Frankfurter Allgemeine Zeitung - Rezension
Frankfurter Allgemeine Zeitung | Besprechung von 03.11.2018

Der denkbar schlechteste Zeuge für Wahrheit
Aspiranten auf Umsturz sind keine guten Historiker: Slavoj Zizek macht sich mit Lenin auf den Weg zur Revolution

Wie lässt sich linkes revolutionäres Denken heute formulieren, wenn das Kapital alles beherrscht, die Sozialdemokratie dem Reformismus des Wohlfahrtsstaats frönt und der Linken sämtliche Leitsterne verlorengegangen sind? Die Erfahrungen mit dem Sowjetsozialismus haben revolutionäres Denken nicht beflügelt. China, Venezuela, Kuba und Nordkorea schrecken ab.

"Lenin heute" ist Slavoj Zizeks dritter Versuch über den Revolutionär. 2002 veröffentlichte er "Die Revolution steht bevor. Dreizehn Versuche nach Lenin", eine geschichtsferne und theoretisch waghalsige Adaption Leninscher Lehren für die Gegenwart, in der er von der "inneren Größe" und den "guten alten Tagen" des Stalinismus schwärmte, eine im besten Fall tragikomische postmoderne Spielerei mit der Revolution, im schlechteren ein Fall von zynischer Unbelehrbarkeit. Als die Revolution ausblieb, wurde er 2014 Mitherausgeber des Bandes "Lenin Reloaded - für eine Politik der Wahrheit". Gleichsam auf dem Weg dahin gab er zusammen mit Costas Douzinas zwei Bände zur "Idee des Kommunismus" heraus. Die zuletzt genannten drei Bücher erschienen im Laika-Verlag. Laika war eine Hündin und das erste Lebewesen im Weltraum. Sie starb für die Zukunft.

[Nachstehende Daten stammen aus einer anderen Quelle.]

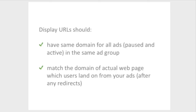Let's summarize. A correct display URL has the same domain as other ads in the same ad group, and matches the domain of the actual webpage where users land after clicking on your ad. Now you should be well equipped to create ads with correct display URLs. If you have any ads which were previously disapproved for inaccurate display URLs, you should edit them and they will be re-reviewed. Next, we'll show you how.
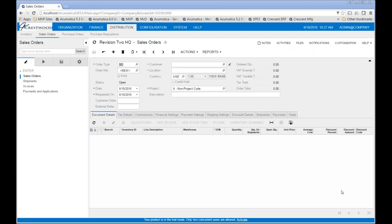Today I'm going to show you how you can easily add additional fields to any screen in Acumatica using their customization manager tool and their visual form designer. Here I'm in the sales order screen and I want to add an additional date field that I'm going to position underneath the description.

In "Lenin heute" spricht zuerst Zizek auf rund hundert Seiten, dann lässt er Lenin in vierzehn ausgewählten, aber unkommentierten Schriften aus dessen letzten Lebensjahren zu Wort kommen. Im Vergleich zu 2002 hat Zizek theoretisch mächtig abgerüstet; die Geschichte spielt nun eine weitaus bedeutendere Rolle. Damit aber schreibt er sich in Teufels Küche.

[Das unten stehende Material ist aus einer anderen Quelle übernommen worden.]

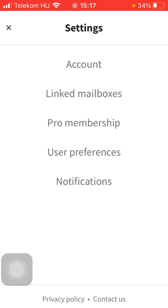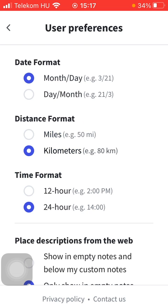Tap on user preferences, which is the fourth option, go to distance format, and here you can select from two options: miles or kilometers. Tap on the relevant circle and it will be updated automatically.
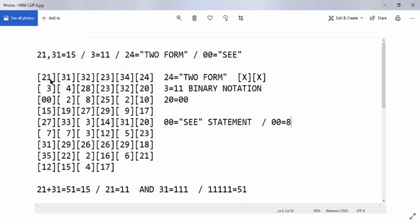We let the second sequence play out, and it lands on a 31. So now we have a relationship: the 21 and 31. The 21 plus the 31 is equal to 51, which is equal to 15. Now I'm going to explain why that is.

Zizek stellt keine politische oder gesellschaftliche Alternative vor, und er propagiert nicht den Kommunismus alter Schule. Wenn er von Lenin spricht, meint er nicht dessen historischen Sowjetstaat. Schon gar nicht meint er den blutigen Stalinismus, an dem er kein gutes Haar lässt. Überhaupt hält er nichts vom "real existierenden Sozialismus" der Vergangenheit. Denn Zizek hat etwas gelernt. Die Geschichte, an der Lenin mitwirkte, ist kein Vorbild. Lenin sei tot, schreibt er. Wenn Lenin aber tot ist und das Ergebnis seines Handelns schauerlich war, was soll er den Linken heute noch sagen? Da kennt Zizek einen tollen Trick, der es ihm erlaubt, mit Geschichte zu argumentieren, ohne mit ihr zu argumentieren. Der Trick geht so: Lenin an dem zu messen, was er tat, sei der falsche Weg; vielmehr seien "die von ihm versäumten Gelegenheiten" aufzugreifen. Auf diese Weise werde "Lenins wahre Größe" offenbar, die nichts mit dem herkömmlichen Verständnis von Leninismus zu tun habe.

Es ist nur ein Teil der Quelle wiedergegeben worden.